Items listed in a dataset:
[Start of section]
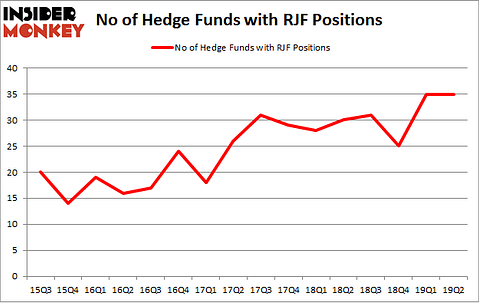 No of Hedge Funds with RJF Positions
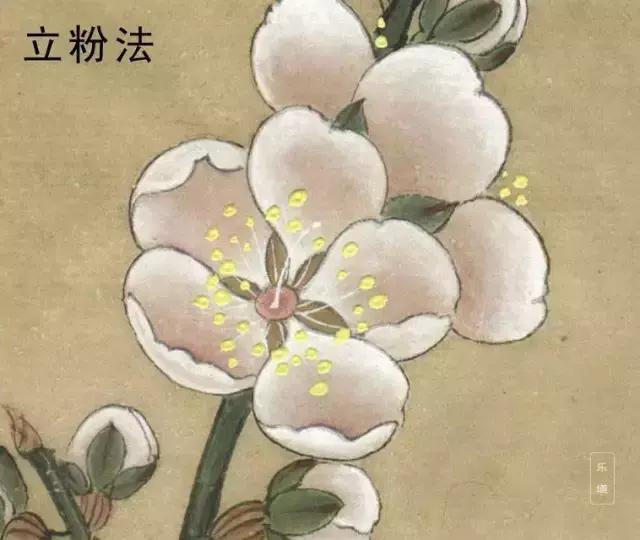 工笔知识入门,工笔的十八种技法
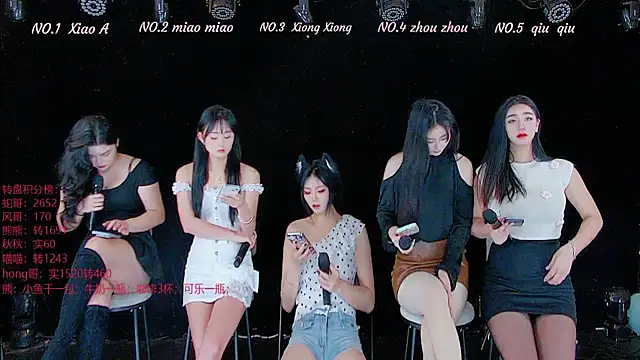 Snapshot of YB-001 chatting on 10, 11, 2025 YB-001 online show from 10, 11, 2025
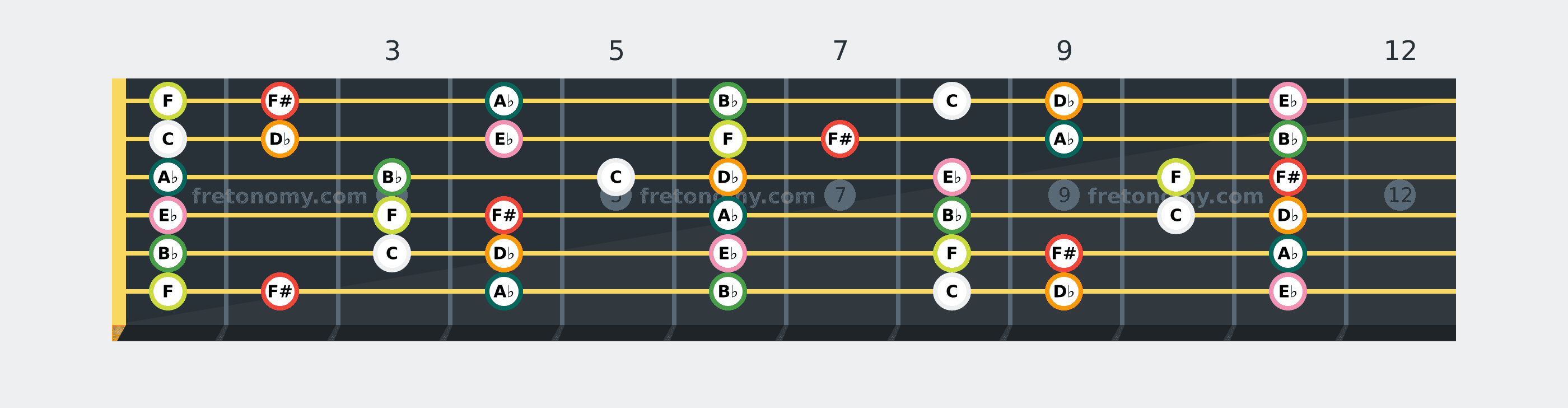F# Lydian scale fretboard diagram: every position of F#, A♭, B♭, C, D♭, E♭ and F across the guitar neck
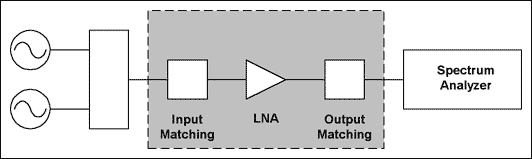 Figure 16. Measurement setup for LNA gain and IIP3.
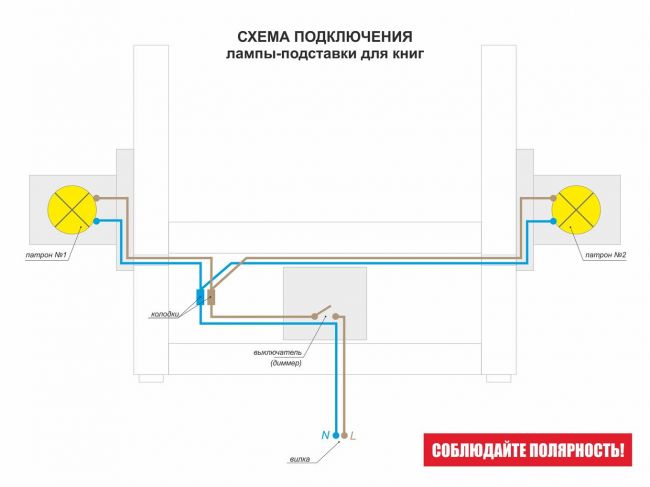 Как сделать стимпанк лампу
[End of section]
▶ _Assignment_
Make an exact copy of the lines above, starting at the line that contains "工笔知识入门,工笔的十八种技法" and running through the final line of the entries. Omit the pictures.

▶ _Written solution_
 工笔知识入门,工笔的十八种技法
 Snapshot of YB-001 chatting on 10, 11, 2025 YB-001 online show from 10, 11, 2025
F# Lydian scale fretboard diagram: every position of F#, A♭, B♭, C, D♭, E♭ and F across the guitar neck
 Figure 16. Measurement setup for LNA gain and IIP3.
 Как сделать стимпанк лампу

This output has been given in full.